Fonte 1: Le tue parole chiave SEO esistenti
Inizia con la tua ricerca di parole chiave, ma non incollare le parole chiave direttamente nel tuo strumento di monitoraggio. I prompt IA sono conversazionali, non basati su parole chiave. Converti ogni parola chiave in una domanda naturale.
| Parola chiave SEO | Prompt di monitoraggio IA migliore |
|---|---|
| “monitoraggio brand IA” | “Come posso monitorare se ChatGPT e Gemini menzionano il mio brand?” |
| “strumenti GEO” | “Quali sono i migliori strumenti di ottimizzazione per motori generativi per un team B2B SaaS?” |
| “menzioni brand ChatGPT” | “Come posso tracciare se ChatGPT raccomanda la mia azienda agli acquirenti?” |
| “visibilità LLM” | “Quali piattaforme aiutano i team marketing a tracciare la visibilità attraverso i modelli linguistici di grandi dimensioni?” |
Consiglio: Usa ChatGPT o Claude stesso per convertire il tuo elenco di parole chiave. Prompt: “Converti queste parole chiave SEO in domande naturali e conversazionali che un acquirente farebbe a ChatGPT. Output: una domanda per parola chiave.”
Fonte 2: Conversazioni di vendita e supporto clienti
Il tuo team di vendita sente il linguaggio degli acquirenti ogni giorno. Chiedi loro:
- Quali problemi descrivono i potenziali clienti nelle chiamate di scoperta?
- Quali confronti tra competitor chiedono gli acquirenti?
- Quali obiezioni emergono ripetutamente?
- Quali funzionalità o casi d’uso chiedono specificamente gli acquirenti?
I log del tuo supporto clienti sono altrettanto preziosi. Quali problemi incontrano gli utenti? Cosa chiedono prima di acquistare? Questi diventano prompt come:
- “Quali sono le principali limitazioni degli strumenti [categoria]?”
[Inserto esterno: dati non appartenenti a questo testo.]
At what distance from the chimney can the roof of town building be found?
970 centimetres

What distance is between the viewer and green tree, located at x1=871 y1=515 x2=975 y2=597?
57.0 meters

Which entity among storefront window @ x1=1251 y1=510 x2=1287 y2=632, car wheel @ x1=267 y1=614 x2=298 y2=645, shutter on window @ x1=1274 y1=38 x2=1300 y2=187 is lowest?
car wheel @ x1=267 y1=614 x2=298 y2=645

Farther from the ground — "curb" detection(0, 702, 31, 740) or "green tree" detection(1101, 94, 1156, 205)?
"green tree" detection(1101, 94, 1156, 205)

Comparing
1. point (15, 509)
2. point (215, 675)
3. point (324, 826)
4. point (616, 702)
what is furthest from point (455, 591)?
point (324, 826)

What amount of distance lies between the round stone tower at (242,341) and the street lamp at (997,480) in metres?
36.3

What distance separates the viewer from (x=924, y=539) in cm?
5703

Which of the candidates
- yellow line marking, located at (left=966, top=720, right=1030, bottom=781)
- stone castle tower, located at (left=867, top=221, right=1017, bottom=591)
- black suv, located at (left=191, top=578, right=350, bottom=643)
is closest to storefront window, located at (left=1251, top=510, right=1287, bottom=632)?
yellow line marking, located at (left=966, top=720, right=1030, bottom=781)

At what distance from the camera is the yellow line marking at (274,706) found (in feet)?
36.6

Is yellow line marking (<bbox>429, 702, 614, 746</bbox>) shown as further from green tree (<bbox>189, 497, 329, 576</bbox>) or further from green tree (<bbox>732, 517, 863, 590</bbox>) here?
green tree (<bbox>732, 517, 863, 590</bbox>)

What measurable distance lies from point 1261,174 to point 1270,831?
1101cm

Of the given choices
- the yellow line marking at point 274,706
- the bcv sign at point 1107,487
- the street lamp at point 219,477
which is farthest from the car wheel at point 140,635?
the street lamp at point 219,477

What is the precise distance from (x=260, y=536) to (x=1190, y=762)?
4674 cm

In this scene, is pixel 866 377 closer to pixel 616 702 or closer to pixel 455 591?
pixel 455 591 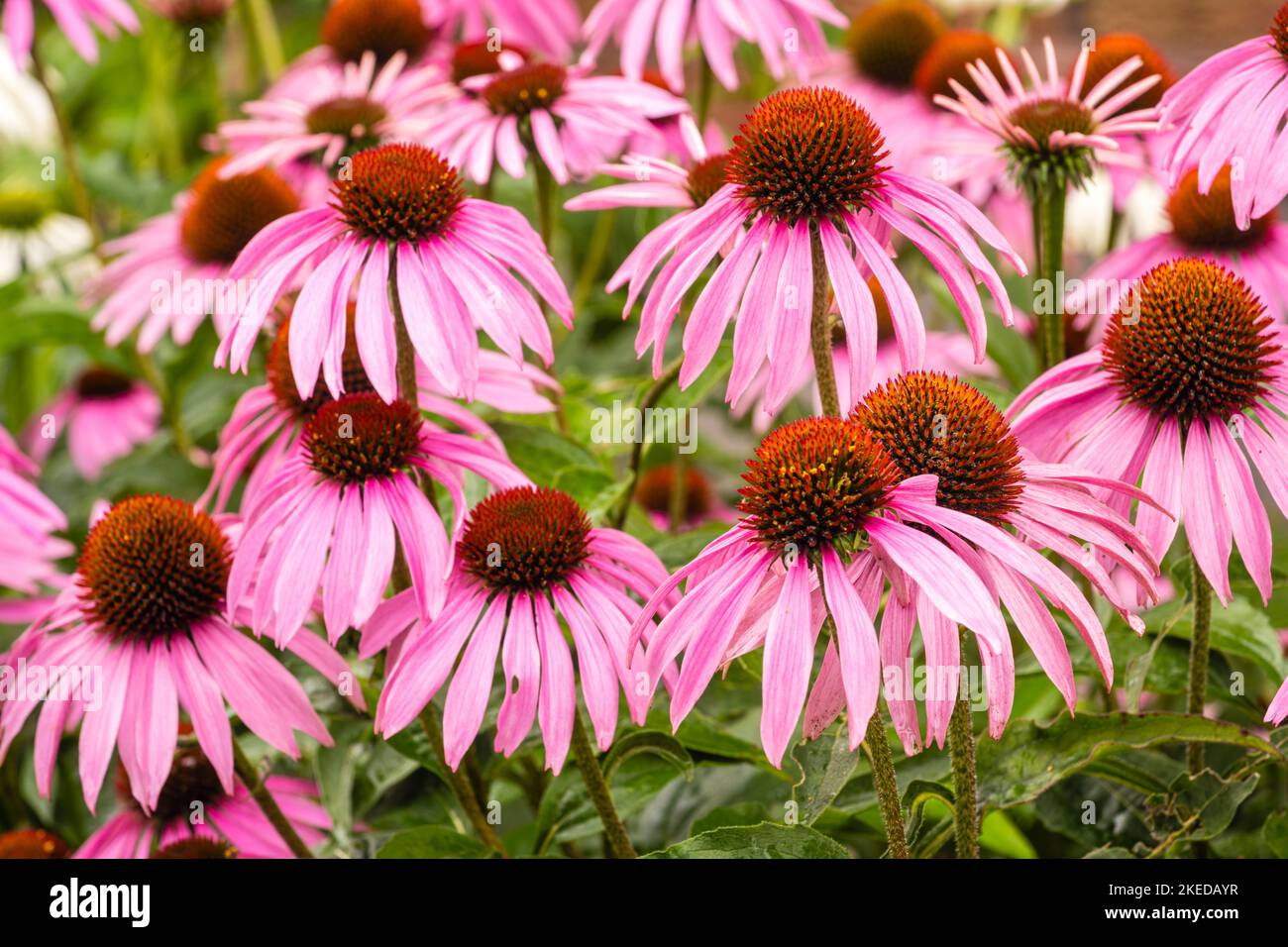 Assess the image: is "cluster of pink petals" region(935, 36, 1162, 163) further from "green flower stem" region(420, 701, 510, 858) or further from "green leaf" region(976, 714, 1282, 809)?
"green flower stem" region(420, 701, 510, 858)

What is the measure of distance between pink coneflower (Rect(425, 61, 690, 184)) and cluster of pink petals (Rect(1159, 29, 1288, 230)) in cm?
37

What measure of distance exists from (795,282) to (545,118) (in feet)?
1.48

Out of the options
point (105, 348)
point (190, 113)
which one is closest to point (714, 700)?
point (105, 348)

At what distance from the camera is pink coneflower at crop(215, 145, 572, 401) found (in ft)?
2.58

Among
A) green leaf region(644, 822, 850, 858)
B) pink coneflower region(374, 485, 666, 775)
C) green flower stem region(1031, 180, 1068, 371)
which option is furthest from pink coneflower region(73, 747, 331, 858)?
green flower stem region(1031, 180, 1068, 371)

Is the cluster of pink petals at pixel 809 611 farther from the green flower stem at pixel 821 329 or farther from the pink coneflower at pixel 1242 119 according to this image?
the pink coneflower at pixel 1242 119

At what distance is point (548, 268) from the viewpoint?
33.2 inches

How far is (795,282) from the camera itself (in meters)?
0.73

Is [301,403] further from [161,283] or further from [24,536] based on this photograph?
[161,283]

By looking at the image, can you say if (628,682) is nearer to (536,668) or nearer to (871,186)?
(536,668)

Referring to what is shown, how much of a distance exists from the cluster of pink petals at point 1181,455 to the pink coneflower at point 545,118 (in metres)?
0.42

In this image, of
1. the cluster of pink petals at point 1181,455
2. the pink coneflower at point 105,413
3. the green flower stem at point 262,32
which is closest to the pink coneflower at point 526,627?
the cluster of pink petals at point 1181,455

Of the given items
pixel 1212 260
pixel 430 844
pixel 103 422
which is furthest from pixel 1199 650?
pixel 103 422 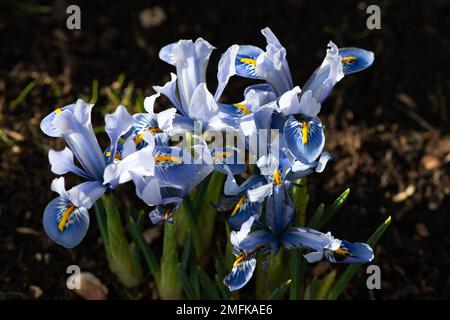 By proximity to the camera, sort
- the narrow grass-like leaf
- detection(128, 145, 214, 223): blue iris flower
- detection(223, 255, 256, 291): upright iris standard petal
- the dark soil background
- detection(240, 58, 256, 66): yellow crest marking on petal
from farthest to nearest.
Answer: the narrow grass-like leaf → the dark soil background → detection(240, 58, 256, 66): yellow crest marking on petal → detection(223, 255, 256, 291): upright iris standard petal → detection(128, 145, 214, 223): blue iris flower

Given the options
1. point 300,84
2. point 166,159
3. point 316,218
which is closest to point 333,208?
point 316,218

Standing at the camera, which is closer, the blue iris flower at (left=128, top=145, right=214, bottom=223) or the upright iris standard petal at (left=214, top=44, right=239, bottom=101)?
the blue iris flower at (left=128, top=145, right=214, bottom=223)

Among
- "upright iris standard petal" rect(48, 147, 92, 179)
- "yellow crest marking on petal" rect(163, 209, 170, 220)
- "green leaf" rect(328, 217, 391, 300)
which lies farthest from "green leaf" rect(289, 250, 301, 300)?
"upright iris standard petal" rect(48, 147, 92, 179)

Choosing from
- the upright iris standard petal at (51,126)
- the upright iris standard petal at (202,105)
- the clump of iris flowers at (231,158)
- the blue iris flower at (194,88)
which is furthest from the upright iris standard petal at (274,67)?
the upright iris standard petal at (51,126)

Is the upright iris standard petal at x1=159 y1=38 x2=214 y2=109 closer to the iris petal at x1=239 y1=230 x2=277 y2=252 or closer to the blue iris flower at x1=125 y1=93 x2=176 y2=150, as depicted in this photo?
the blue iris flower at x1=125 y1=93 x2=176 y2=150

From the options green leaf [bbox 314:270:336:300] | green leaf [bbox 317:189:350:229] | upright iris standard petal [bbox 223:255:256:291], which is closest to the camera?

- “Cosa dovrei verificare prima di acquistare software [categoria]?”
- “Quali strumenti [categoria] si integrano con [piattaforma]?”
Fonte 3: Analisi della concorrenza
Se i tuoi competitor appaiono costantemente nelle risposte dell’IA, devi sapere quali prompt stanno vincendo. Esegui il tuo set di prompt iniziale e registra quali competitor appaiono. Poi procedi a ritroso:
- Per ogni competitor che appare, cerca “[Competitor] alternative” e “[Competitor] vs” per trovare prompt di confronto che ti mancano.
- Controlla quali pagine o fonti specifiche cita l’IA quando menziona i competitor. Quelle fonti sono i fattori scatenanti.
Fonte 4: Forum della community e piattaforme social
Reddit, Quora e forum di nicchia contengono il linguaggio esatto che gli acquirenti usano prima di sapere che la tua categoria esiste. Cerca su queste piattaforme:
- “Come faccio a [risolvere problema che il tuo prodotto affronta]?”
- “Cosa usano le persone per [la tua categoria]?”
- “Esiste uno strumento che [tua funzionalità principale]?”
Queste domande formulate in modo naturale appaiono raramente negli strumenti per parole chiave, ma sono esattamente i prompt che gli utenti digitano negli assistenti IA.
Fonte 5: Le stesse piattaforme di IA
Usa i motori di IA che stai monitorando per generare idee di prompt. Prova:
- “Quali domande fanno le persone quando cercano [la tua categoria]?”
- “Quali sono i modi comuni in cui le persone formulano richieste per [la tua soluzione]?”
- “Quali domande di follow-up fanno le persone dopo aver cercato [la tua categoria]?”
Guarda anche le query di “ramificazione” che le piattaforme IA generano — le domande correlate che suggeriscono o i follow-up incorporati in risposte lunghe. Questi riflettono modelli di utilizzo reali.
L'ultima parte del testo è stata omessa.